Proyek untuk pokir ketua dan wakil ketua senilai Rp 5 milyar sementara untuk anggota DPRD senilai Rp 1 milyar kata Setyo dalam keterangan persnya di gedung KPK di jalan Rasuna said Jakarta Selatan Minggu (16/3/2025)
"Pada pembahasan tersebut, perwakilan dari DPRD meminta jatah pokir, seperti yang diduga sudah dilakukan. Kemudian disepakati bahwa jatah pokir tersebut diubah menjadi proyek fisik di Dinas Pekerjaan Umum dan Perumahan sebesar Rp 40 miliar," kata Ketua KPK Setyo Budiyanto dalam konferensi pers di gedung KPK, Jalan Kuningan Persada, Jakarta Selatan, Minggu (16/3/2025).
Dia mengatakan proyek untuk pokir ketua dan wakil ketua DPRD senilai Rp 5 miliar. Sementara, nilai untuk anggota DPRD Rp 1 miliar.
"Untuk Ketua dan Wakil Ketua, nilai proyeknya disepakati adalah Rp 5 miliar, sedangkan untuk anggota itu adalah Rp 1 miliar. Nilai ini kemudian turun menjadi Rp 35 miliar," ujarnya.
Setyo mengatakan nilai itu turun karena ada keterbatasan anggaran, namun fee dari proyek-proyek itu tetap disepakati 20 persen bagi anggota DPRD dan 2 persen bagi Dinas PUPR sehingga total fee untuk anggota DPRD OKU total sebesar Rp 7 miliar.
"Saat APBD tahun anggaran 2025 disetujui, anggaran Dinas PUPR naik dari pembahasan awal Rp 48 miliar menjadi Rp 96 miliar. Jadi signifikan karena ada kesepakatan ya, maka yang awalnya Rp 48 miliar bisa berubah menjadi dua kali lipat," sebutnya.
Setyo mengatakan Nopriansyah yang merupakan Kepala Dinas PUPR OKU menawarkan sembilan proyek kepada Fauzi dan Ahmad selaku pihak swasta dengan commitment fee sebesar 2 persen untuk dinas PUPR dan 20 persen untuk DPRD. Nopriansyah kemudian mengondisikan pihak swasta untuk mengerjakan proyek tersebut.

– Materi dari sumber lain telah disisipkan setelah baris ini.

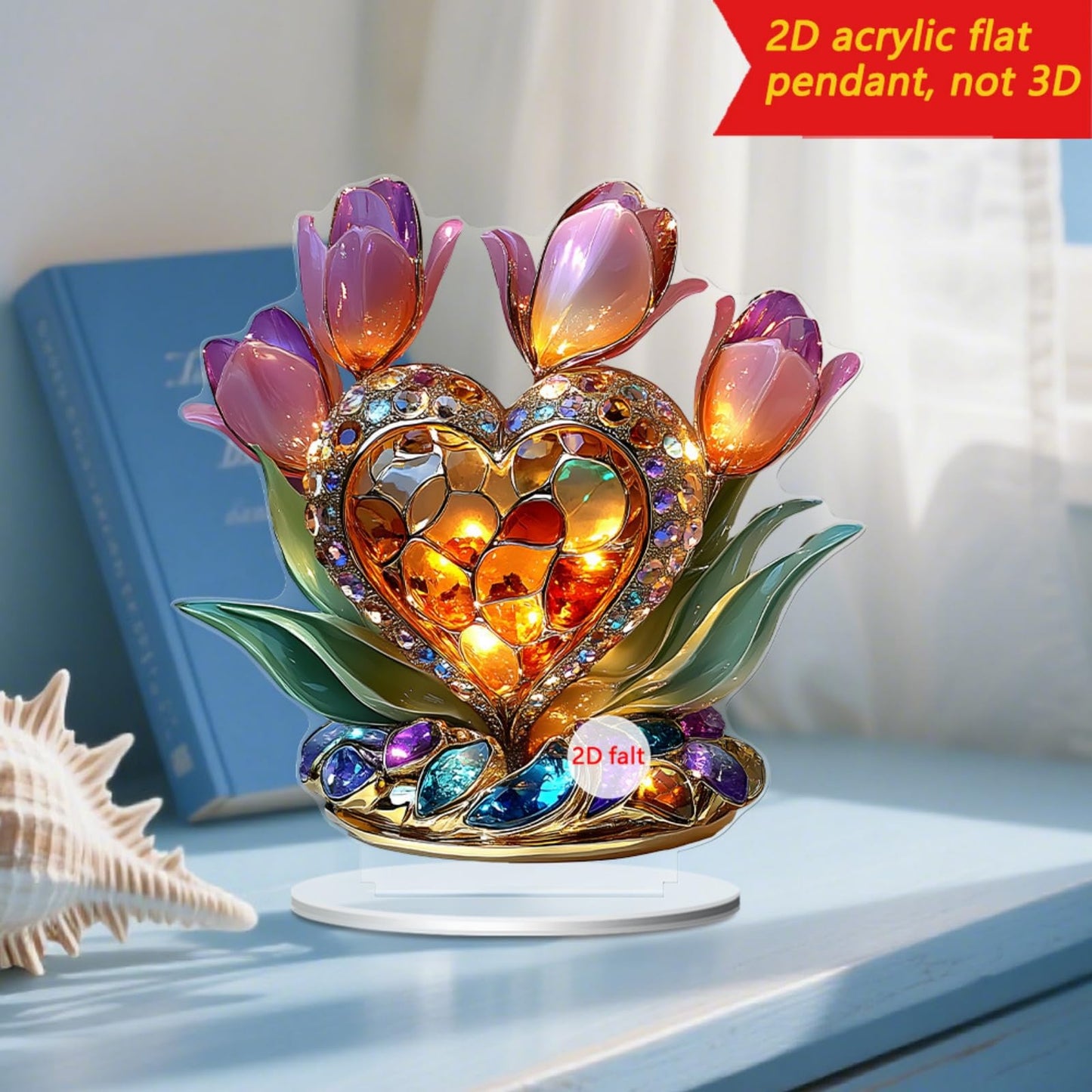 Xanorrg Miniature Acrylic Crystal Bouquet 2D Printing Desk Display Decoration for Bookshelves Tabletop Decoration Ornament Miniature Table Display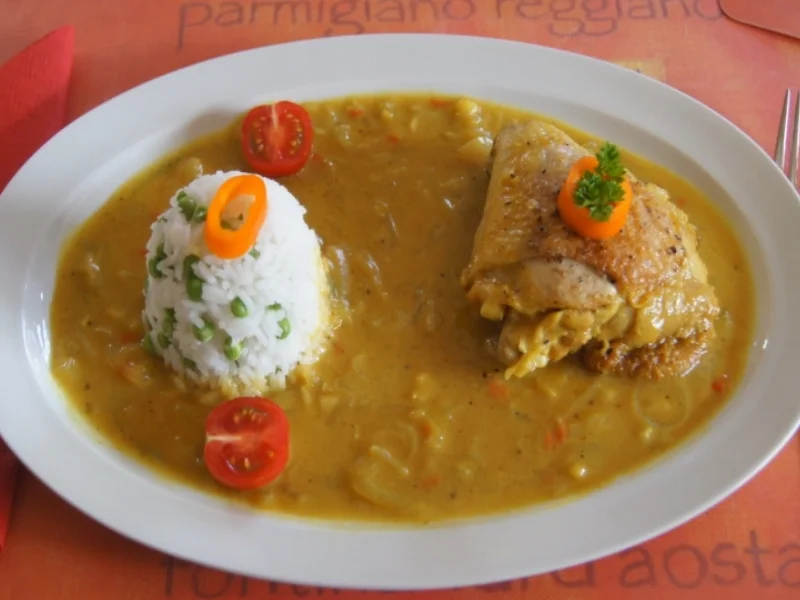 Rezept: Hähnchencurry mit Jasmin-Erbsen-Reis Bild Nr. 5302 Hähnchencurry mit Jasmin-Erbsen-Reis - Rezept - Bild Nr. 5302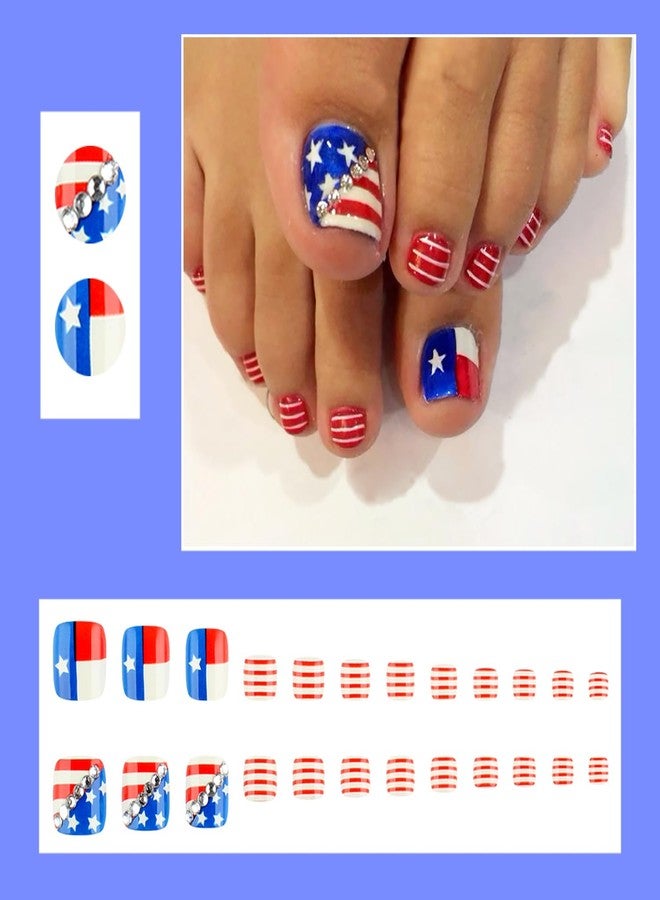 FDSQHSA 24pcs 4th of July Press on Toenails Short Square American Flag Fake Toe Nails with Rhinestones Design Independence Day Star False Toenails Fourth of July Full Cover Stick on Nails for Women Holiday - Image 2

"Saat itu Saudara NOP yang merupakan Pejabat Kepala Dinas PUPR menawarkan sembilan proyek tersebut kepada saudara MFZ dan saudara ASS, dengan commitment fee sebesar 22 persen, yaitu 2 persen untuk Dinas PUPR dan 20 persen untuk DPRD," sebutnya.
Menjelang Idul Fitri, pihak DPRD yang diwakili oleh Ferlan, Fahrudin, dan Umi menagih jatah proyek tersebut ke Nopriansyah. Pada 13 Maret, Fauzi menyerahkan uang kepada Nopriansyah sebesar Rp 2,2 miliar. KPK kemudian melakukan OTT terhadap mereka.
Akibat perbuatannya, Ferlan, Fahrudin, Umi, dan Nopriansyah dijerat dengan Pasal 12 a atau 12 b dan 12 f dan 12 B UU Pemberantasan Tipikor juncto Pasal 55 ayat 1 ke-1 KUHP. Pasal 12 a dan b itu mengatur hukuman terkait suap, pasal 12 f mengatur soal pemotongan anggaran dan pasal 12 B tentang gratifikasi dengan hukuman maksimal 20 tahun penjara.
Sementara itu, Fauzi dan Ahmad dijerat Pasal 5 ayat 1 a atau b UU Pemberantasan Tipikor juncto Pasal 55 ayat 1 ke-1 KUHP. Pasal itu mengatur soal hukuman bagi penyuap dengan ancaman penjara maksimal 5 tahun penjara.